1 Corinthians 15:1-28

The “Grey Tsunami” & The Church

March 28, 2014 by  
Filed under A Monday AM BLOG

The ‘Grey Tsunami’ is the economic, ecological and social effects that the baby boom generation is creating as it gets older.

COLUMBIA, SC — Lt. Gov. Glenn McConnell warned lawmakers Wednesday that a failure to prepare for South Carolina’s oncoming “gray tsunami” will cause a budget crisis and human tragedies.

RICHMOND, VA news – Gray and Howarth are part of a booming demographic colloquially dubbed the grey tsunami. According to Statistics Canada, in 2011 Richmond’s seniors population – those over the age of 65 – was 26,000, representing about 14 per cent of the population. In 10 years, that rate should be about one quarter as baby boomers reach retirement age. By 2040, roughly half the population will be over age 55.

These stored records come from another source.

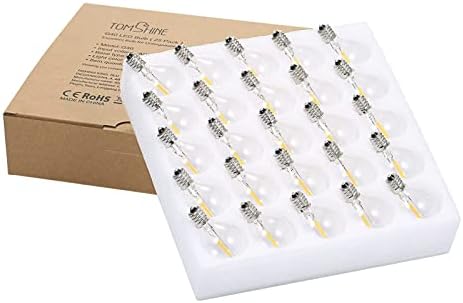Tomshine 25 Pack LED E12 Edison Screw Globe G40 Bulbs 2200K Warm White Clear Glass Bulbs for String Lights Garden Party IP44 Waterproof(AC 220V-240V)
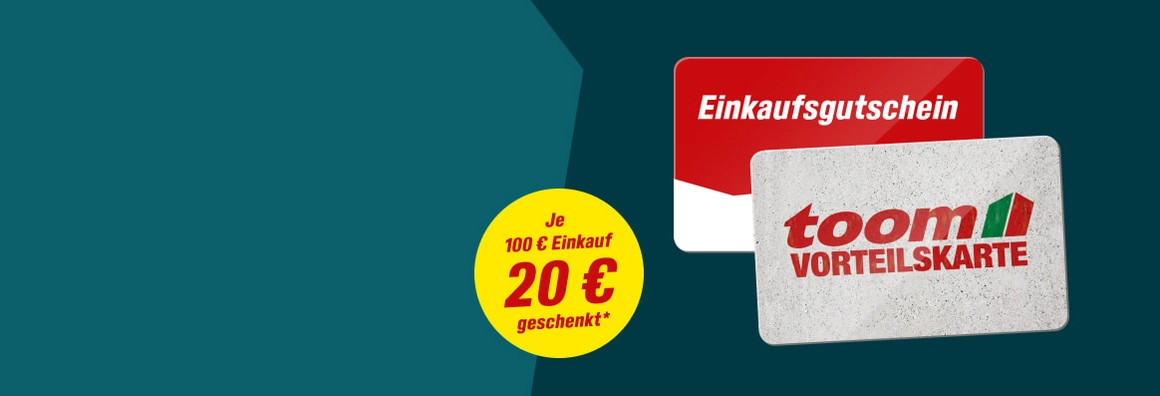 toom Einkaufsgutschein und Vorteilskarte mit einer temporären Rabattaktion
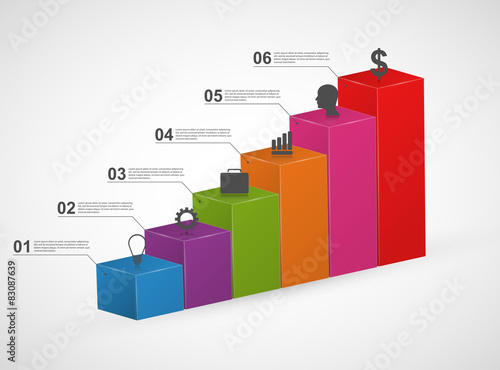 Bar charts. 3D colorful infographics design template.
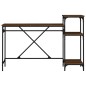 vidaXL Escritorio con estantes hierro madera roble marrón 135x50x90 cm vidaXL Escritorio con estantes hierro madera roble marrón 135x50x90 cm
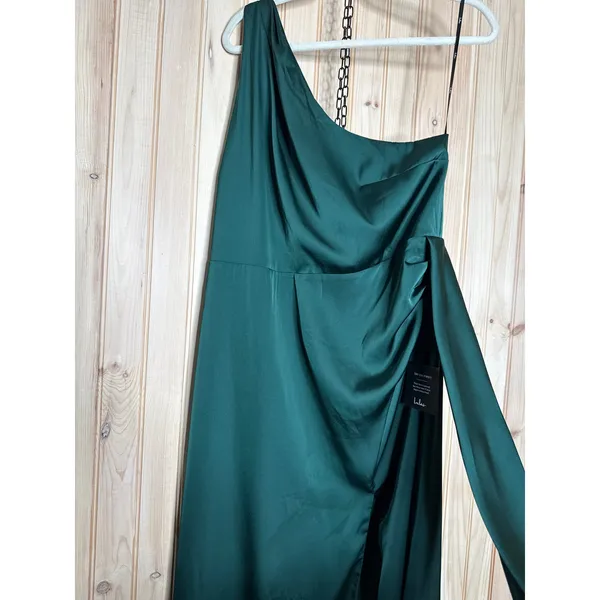 NWT Lulus Signature Elegance Emerald Satin One-Shoulder Maxi Dress Wedding Sz 1X - Image 5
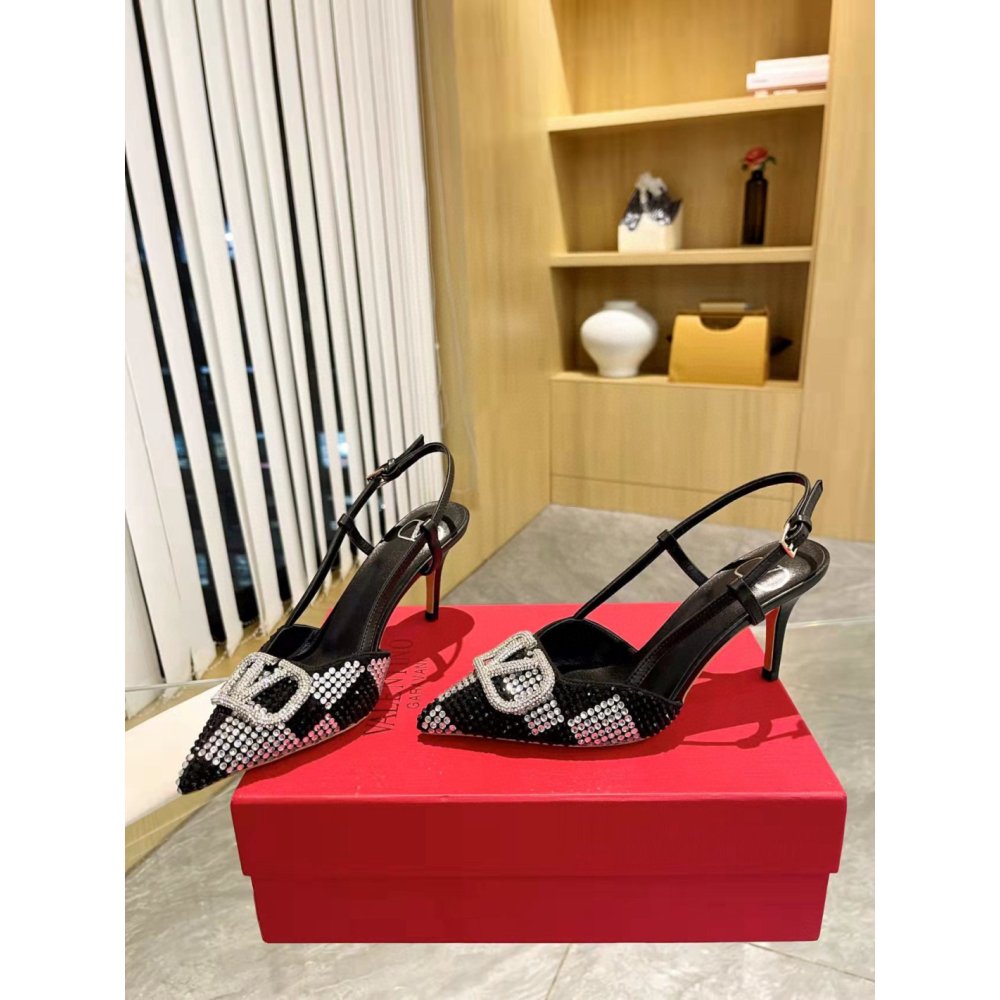 Cheap Reps Valentino VLogo Signature Slingback Pumps 80mm with Crystal Chess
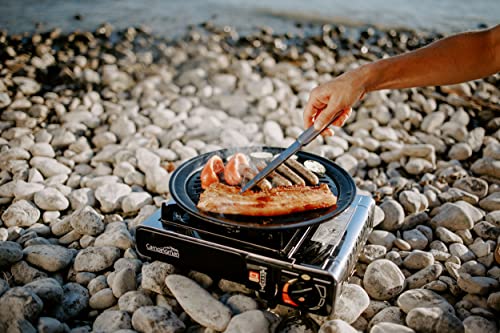 Campingman Grillplatte für Gaskocher – Antihaft BBQ Grillaufsatz mit Fettablauf – Kein Anbrennen & einfache Reinigung – Stabil für Camping, Outdoor & Picknick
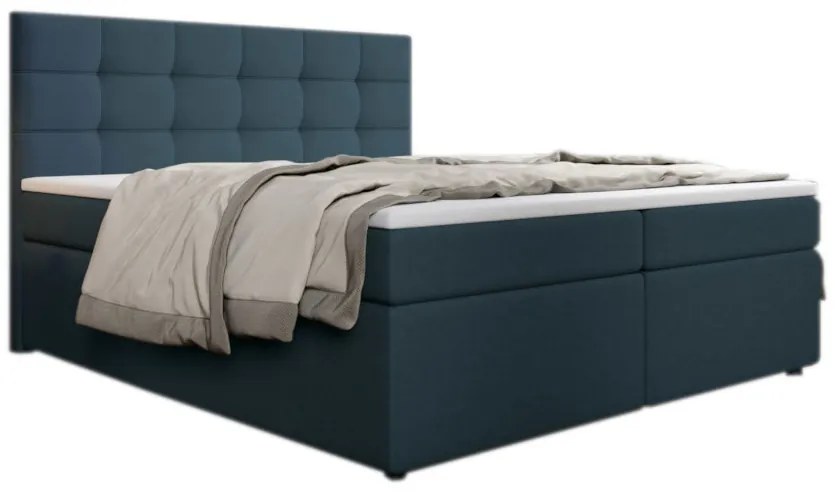 SALMA kárpitozott boxspring ágy + topper, 160x200, inari 87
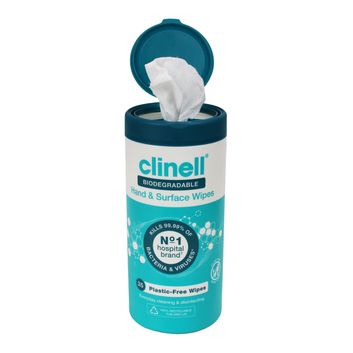 Clinell Biodegradable Hand And Surface Wipes Blue (6 Pack) alternative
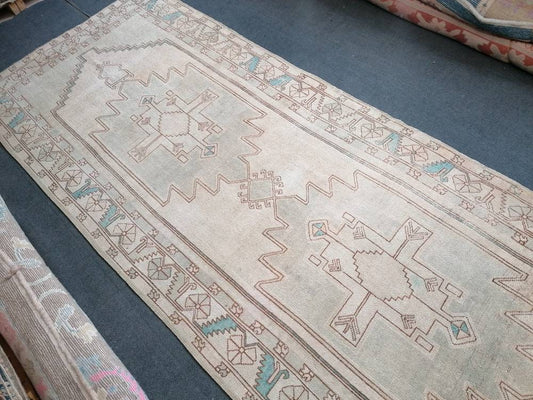 5x12 feet wide handmade wool rug, vintage oversize rug, turkish muted color bedroom rug, hallway wide runner rug, oushak etnique big runner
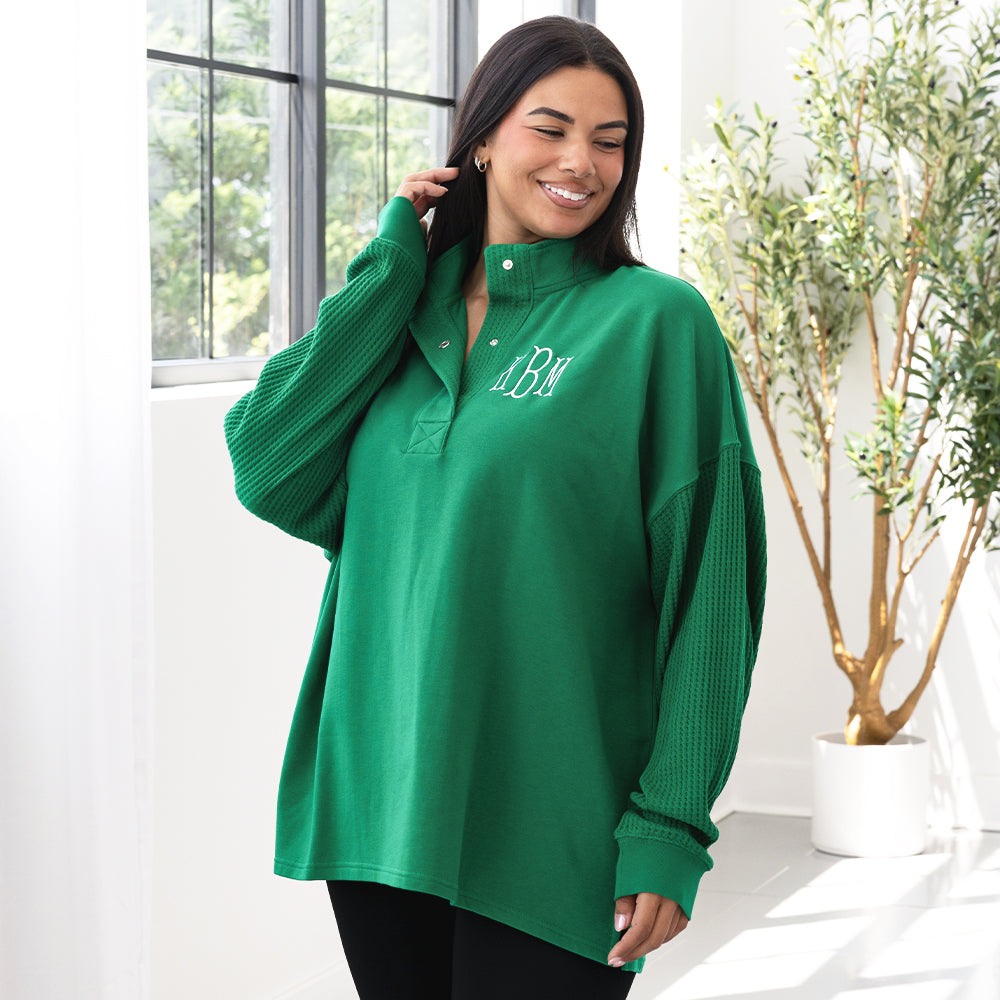 green waffle snap pullover on julia ann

The ‘Grey Tsunami’ is a major factor in considering the health and future of the local church. I am working with a church of 370 people. 47% of them are over the age of 70. 15% of them are over the age of 90! Only 15% are 30 or under.

The implications of this are obvious to anyone with even modest intelligence. But, churches deny this reality with impunity. Entire States, yea entire nations are alarmed and taking action to address the ramifications of this reality.

The church – not so much. The Median Age of the population of the United States is 39. The Median Age of the church in the United States is 58. The church will be swept away by the Grey Tsunami if they do not take immediate and significant steps to reach young people.

After all, isn’t that the mandate of the Great Commission in the first place?